Postby Lars Carlberg » Thu Oct 18, 2012 10:23 am

David M. Bueker wrote:
Lars Carlberg wrote:I think it's good that some growers, especially on the Mosel, are confident enough to avoid putting "dry" on the label, even if the wine is dry. It makes people taste first, before dismissing a wine.


Lars,

that may work for people such as you or perhaps me who buy lots and lots of the wines, and so purchasing "test" bottles to see what a wine is like works fine. For the general consumer, who buys a few bottles of Mosel Riesling (or any Riesling for that matter - they make some good Riesling in other parts of Germany, or so I am told by knowledgable tasters), the more information the better. Asking them to buy test bottles where a producer could easily give them information about which ones to buy to suit their perferences, especially for a niche category (and yes, dry German Riesling is a niche category outside of Germany) is frankly not a smart marketing strategy, no matter how you might feel about it. Of course German Riesling labeling has never, ever been accused of good marketing, so I suppose it's not really surprising that people are still confused about what's actually in the bottle.

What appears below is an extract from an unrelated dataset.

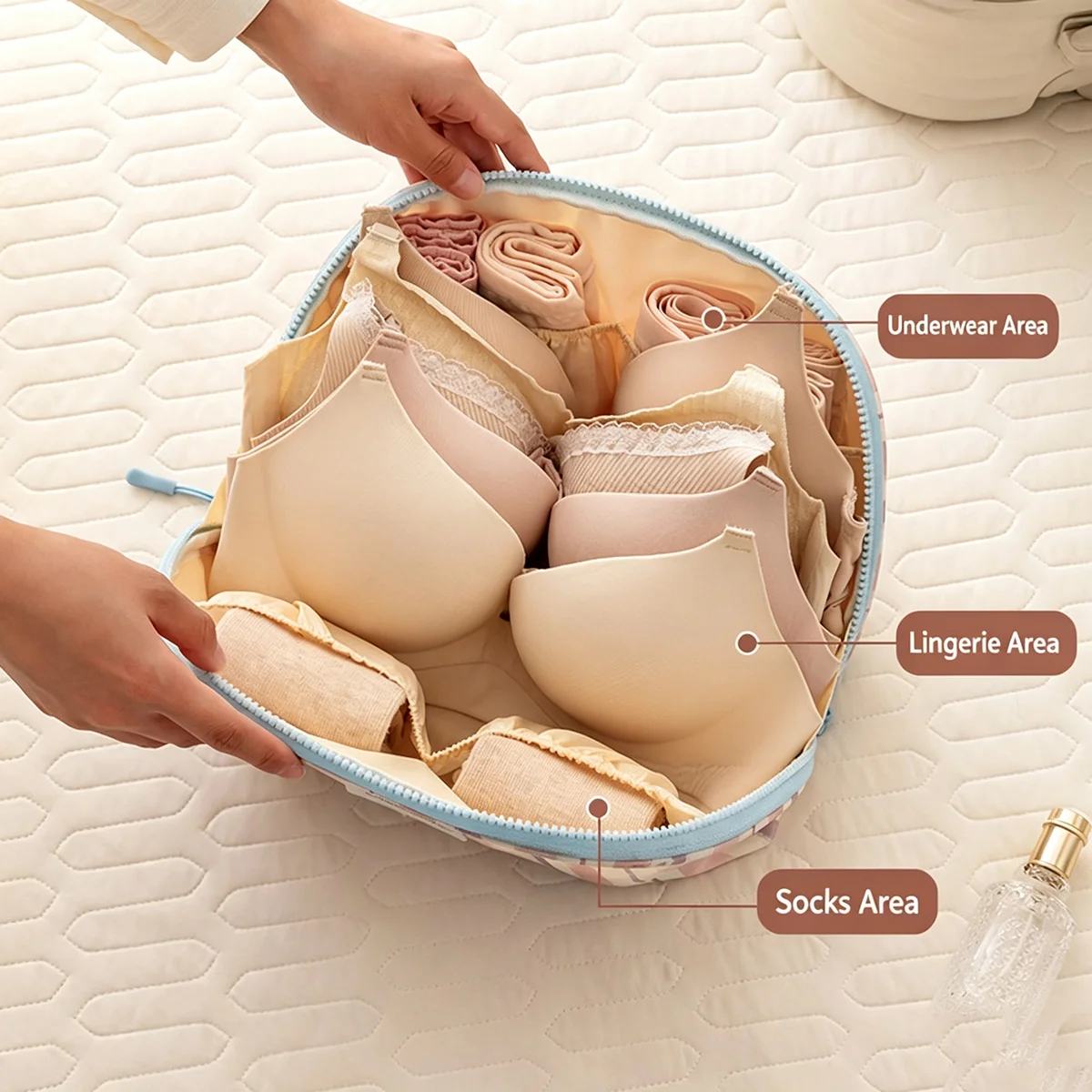 Portable Underwear Storage Bag - Women Accessories List ulasan dan harga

David -- Agreed. It's a mess and unfortunate, but more and more producers are doing their own thing and sometimes, but not always, for good reasons. I've raised the same points with numerous producers. If you don't know their wines, it creates problems, especially in export markets. Some producers are frustrated with the old Prädikat system and are trying to find ways to better market their wines. The 1971 Wine Law is outdated and was generally wrongheaded to begin with, but certain interest groups, such as large-scale bottlers, like it this way. That's why the VDP has been making their own changes, which is influencing non-members as well. To complicate matters even more, the EU has new wine-labeling laws. It presents an opportunity for further change, if the bulk bottlers and lesser producers go along with it. As for what's in the bottle, your average person has no clue, regardless if it's Immich-Batterieberg C.A.I. Riesling "Kabinett" or Willi Schaefer Graacher Domprobst Riesling Kabinett.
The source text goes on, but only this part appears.